WHAT TO PRODUCE:
An exact copy of the lines of the listing below between the "Yorbay Handtuchleiter Bambus, 6" line and the "20mm Silver Horizontal" line, both included, is the whole answer; please omit the pictures.

PROVIDED RECORDS:
>>>

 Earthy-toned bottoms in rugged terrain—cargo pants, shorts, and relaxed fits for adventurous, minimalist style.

<<<
>>>

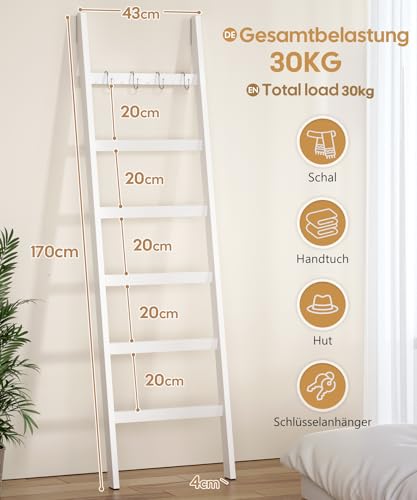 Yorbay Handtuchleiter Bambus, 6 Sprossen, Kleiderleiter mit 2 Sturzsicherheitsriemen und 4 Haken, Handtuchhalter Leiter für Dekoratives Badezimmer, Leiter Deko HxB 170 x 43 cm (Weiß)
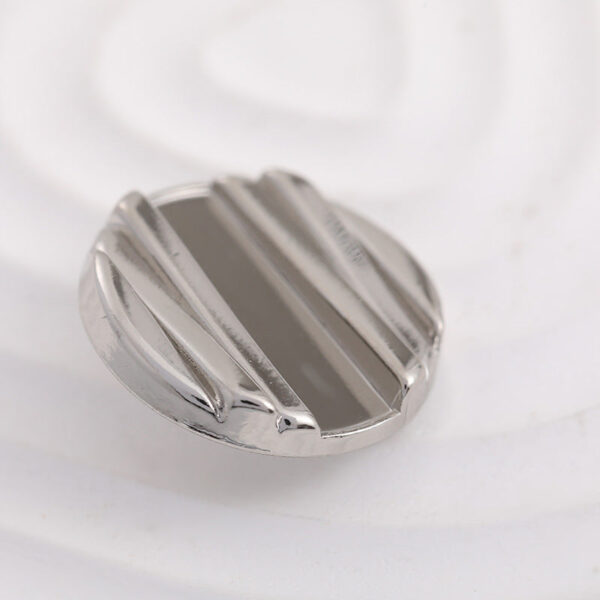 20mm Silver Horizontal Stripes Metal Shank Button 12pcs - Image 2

<<<

THE ANSWER:
 Yorbay Handtuchleiter Bambus, 6 Sprossen, Kleiderleiter mit 2 Sturzsicherheitsriemen und 4 Haken, Handtuchhalter Leiter für Dekoratives Badezimmer, Leiter Deko HxB 170 x 43 cm (Weiß)
 20mm Silver Horizontal Stripes Metal Shank Button 12pcs - Image 2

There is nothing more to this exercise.